Université de Toulouse, UPS, INPT, LAPLACE, Laboratoire Plasma et Conversion d'Energie, Toulouse, France.
PLoS One. 2012;7(6):e38588. doi: 10.1371/journal.pone.0038588. Epub 2012 Jun 26.
The last decades have seen an increasing interest in modeling collective animal behavior. Some studies try to reproduce as accurately as possible the collective dynamics and patterns observed in several animal groups with biologically plausible, individual behavioral rules. The objective is then essentially to demonstrate that the observed collective features may be the result of self-organizing processes involving quite simple individual behaviors. Other studies concentrate on the objective of establishing or enriching links between collective behavior researches and cognitive or physiological ones, which then requires that each individual rule be carefully validated. Here we discuss the methodological consequences of this additional requirement. Using the example of corpse clustering in ants, we first illustrate that it may be impossible to discriminate among alternative individual rules by considering only observational data collected at the group level. Six individual behavioral models are described: They are clearly distinct in terms of individual behaviors, they all reproduce satisfactorily the collective dynamics and distribution patterns observed in experiments, and we show theoretically that it is strictly impossible to discriminate two of these models even in the limit of an infinite amount of data whatever the accuracy level. A set of methodological steps are then listed and discussed as practical ways to partially overcome this problem. They involve complementary experimental protocols specifically designed to address the behavioral rules successively, conserving group-level data for the overall model validation. In this context, we highlight the importance of maintaining a sharp distinction between model enunciation, with explicit references to validated biological concepts, and formal translation of these concepts in terms of quantitative state variables and fittable functional dependences. Illustrative examples are provided of the benefits expected during the often long and difficult process of refining a behavioral model, designing adapted experimental protocols and inversing model parameters.

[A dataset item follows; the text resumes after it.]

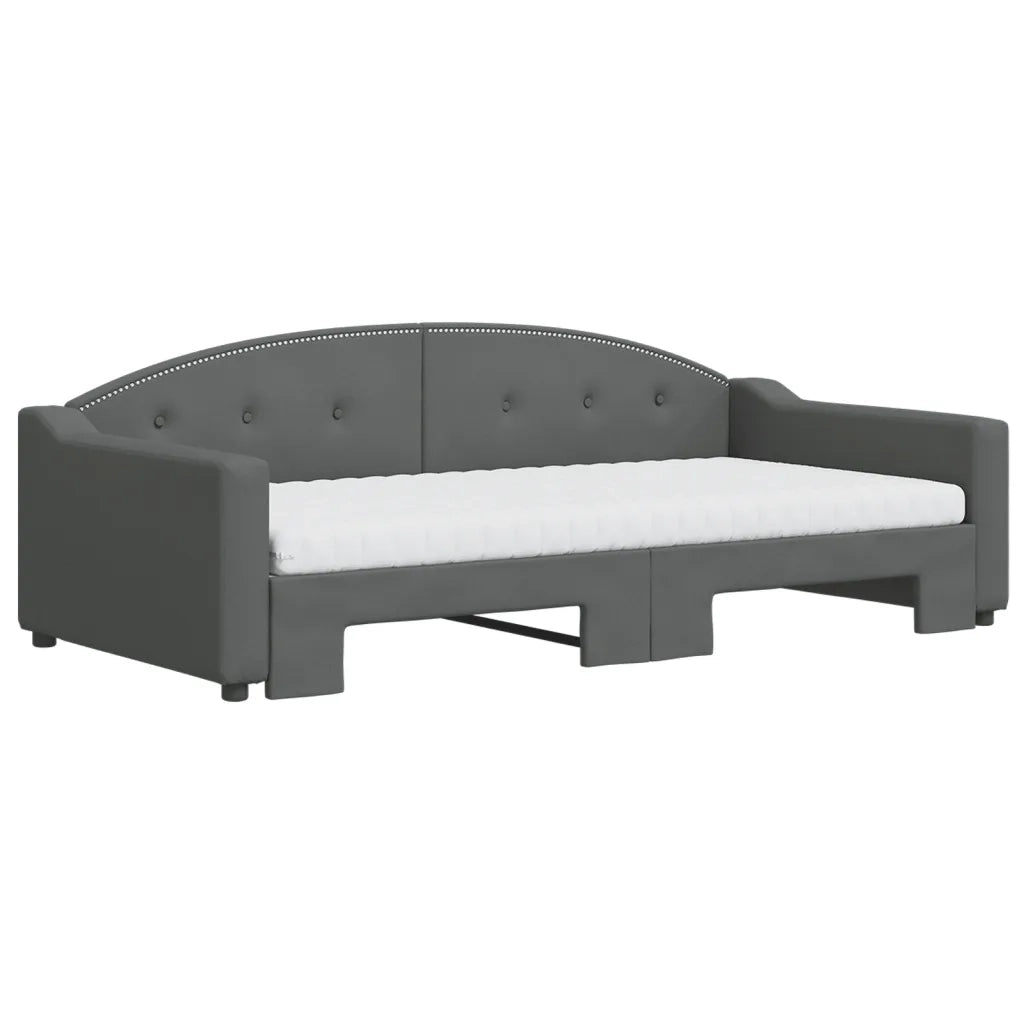 Divano Letto Estraibile Materassi Grigio Scuro 100x200 Tessuto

过去几十年,人们对动物集体行为建模越来越感兴趣。一些研究试图尽可能准确地再现多个动物群体中观察到的集体动态和模式,采用生物学上合理的、个体行为规则。其目标本质上是证明观察到的集体特征可能是涉及相当简单个体行为的自组织过程的结果。其他研究则集中于在集体行为研究与认知或生理研究之间建立或丰富联系的目标,这就需要仔细验证每个个体规则。在这里,我们讨论了这一额外要求的方法学后果。我们以蚂蚁尸体聚集为例,首先说明仅考虑在群体水平上收集的观测数据,可能无法区分替代个体规则。我们描述了六个个体行为模型:它们在个体行为方面明显不同,它们都能令人满意地再现实验中观察到的集体动力学和分布模式,并且我们从理论上表明,即使在数据量无限且无论准确性水平如何的情况下,也绝不可能区分其中两个模型。然后列出并讨论了一组方法步骤,作为部分克服这一问题的实用方法。这些步骤涉及专门设计的补充实验方案,用于逐步解决行为规则问题,并保留群体水平数据以用于整体模型验证。在这种情况下,我们强调了在模型阐述中保持明确区分的重要性,明确提及经过验证的生物学概念,并将这些概念以定量状态变量和可拟合的功能依赖性的形式进行形式翻译。我们提供了在行为模型细化、设计适应实验方案和反转模型参数的过程中,通常漫长而艰难的过程中预期的收益的示例。